-- Exercise --
Output all of the data exactly, keeping any images out of the copy.

-- Recorded information --
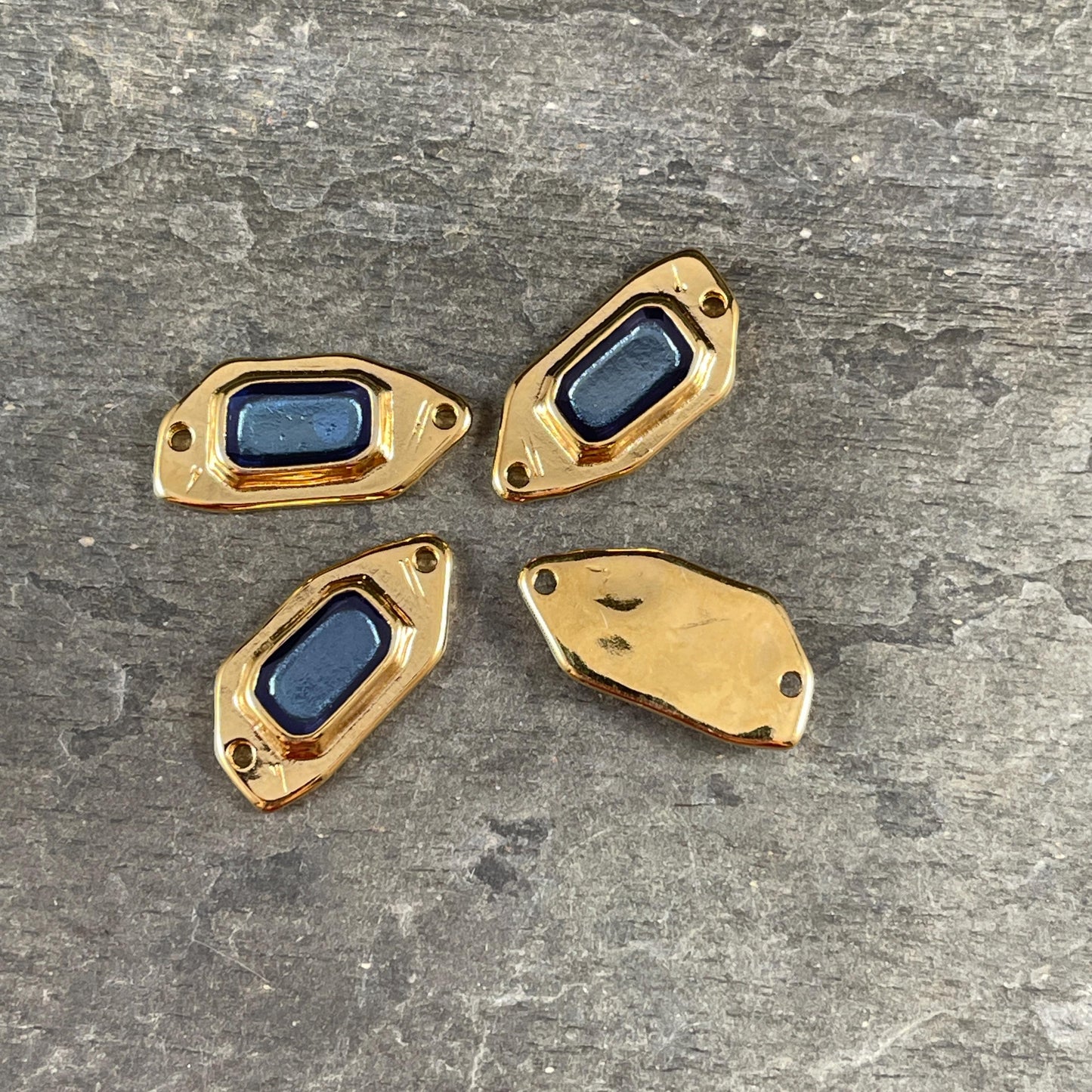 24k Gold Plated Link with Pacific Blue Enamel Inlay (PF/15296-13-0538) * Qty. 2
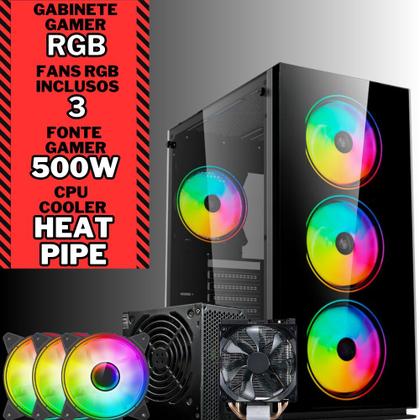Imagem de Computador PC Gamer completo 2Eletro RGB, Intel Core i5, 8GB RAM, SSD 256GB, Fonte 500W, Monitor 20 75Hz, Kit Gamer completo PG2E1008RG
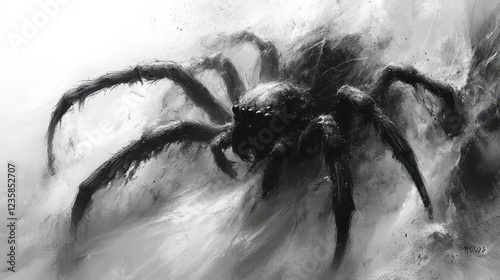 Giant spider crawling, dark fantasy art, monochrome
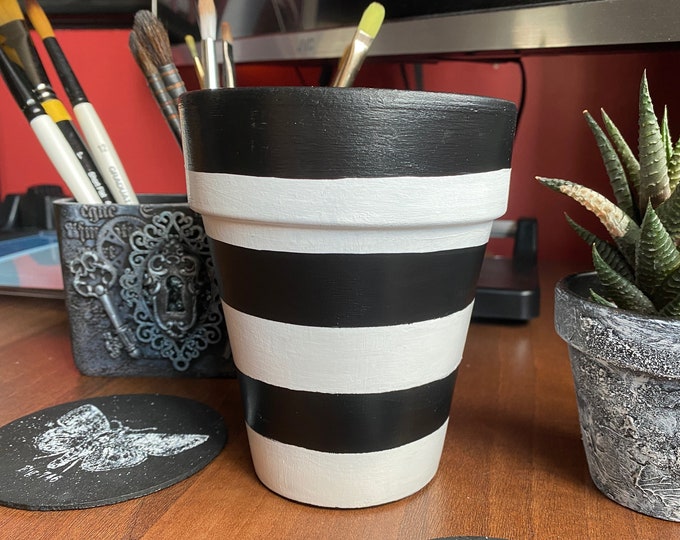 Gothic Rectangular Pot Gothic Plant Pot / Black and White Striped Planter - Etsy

-- Response area --
 24k Gold Plated Link with Pacific Blue Enamel Inlay (PF/15296-13-0538) * Qty. 2
Imagem de Computador PC Gamer completo 2Eletro RGB, Intel Core i5, 8GB RAM, SSD 256GB, Fonte 500W, Monitor 20 75Hz, Kit Gamer completo PG2E1008RG
 Giant spider crawling, dark fantasy art, monochrome
 Gothic Rectangular Pot Gothic Plant Pot / Black and White Striped Planter - Etsy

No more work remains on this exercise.